Alcune persone sui social la criticano perché paragonano gli ultimi film in costume, da Asterix e Obelix ai Tre moschettieri, con i film indipendenti degli esordi.
«Lo dico in modo molto chiaro: non ha senso rispondere a chi non si sa chi sia e che ti scrive sui social. È stupido. Se me lo chiedesse Steven Spielberg, o Charles Aznavour o Miuccia Prada, beh, allora avrebbe senso iniziare un ragionamento, ma così… Intendiamoci: all’inizio ho provato a farlo. Ma sono finito in una fogna, una discussione infinita e insensata».

Quindi non risponde mai?
«Mai, e spesso non leggo neanche». 

Continua a non fare i selfie con i fan?
«Assolutamente. Se sto lavorando, sono a una première, su un set, sto promuovendo il mio lavoro insomma, va bene, fa parte del gioco. Ma se sono al ristorante e mi chiedono una foto, no. Chiunque ha un telefono e una fotocamera, è ridicolo. Se ci fosse un’app per far pagare i selfie, chessò, 10 euro l’uno, e i soldi andassero in beneficenza, si raccoglierebbero miliardi per le cause che più ci stanno a cuore».

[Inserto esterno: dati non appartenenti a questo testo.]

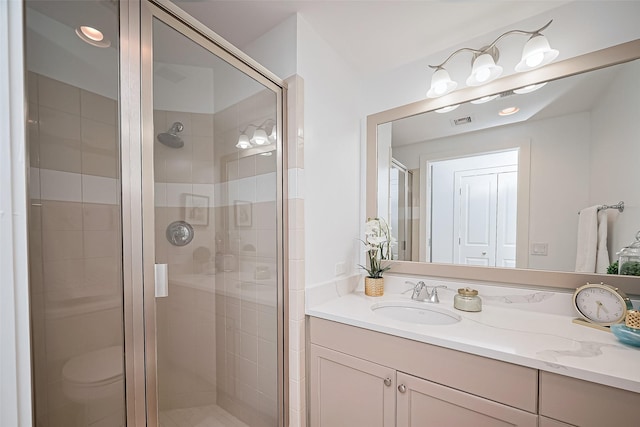 full bath featuring vanity, a stall shower, toilet, and visible vents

A proposito: quando viveva in Brasile ha assistito alla massiccia deforestazione dell’Amazzonia e si è battuto per gli indigeni…
«La interrompo: poi la diga di Belo Monte l’hanno fatta lo stesso. Diciamo che come mi sono impegnato io, per l’ambiente, anni fa, non è servito. Quando vedo invece gente come Leo DiCaprio che ci mette tanta energia, impegno e denaro, ecco, mi dico che forse lui può davvero cambiare qualche situazione. Non voglio essere pessimista. Anche se forse sono solo realista».

La frase del suo profilo Instagram è, letteralmente: «Non aspettare banane sotto un mango». Che cosa significa?
«È un modo di dire brasiliano, più o meno significa che quando hai capito come è fatta una persona, è inutile affannarsi per sapere altro».

È anche questo un po’ pessimista…
«O realista, ancora una volta».

Forse si sente più saggio di un tempo?
«Quello mai. Ma ci provo».

P.S. Abbiamo chiesto a Vincent Cassel se volesse commentare il legame tra Monica Bellucci e Tim Burton, l’attore ha declinato.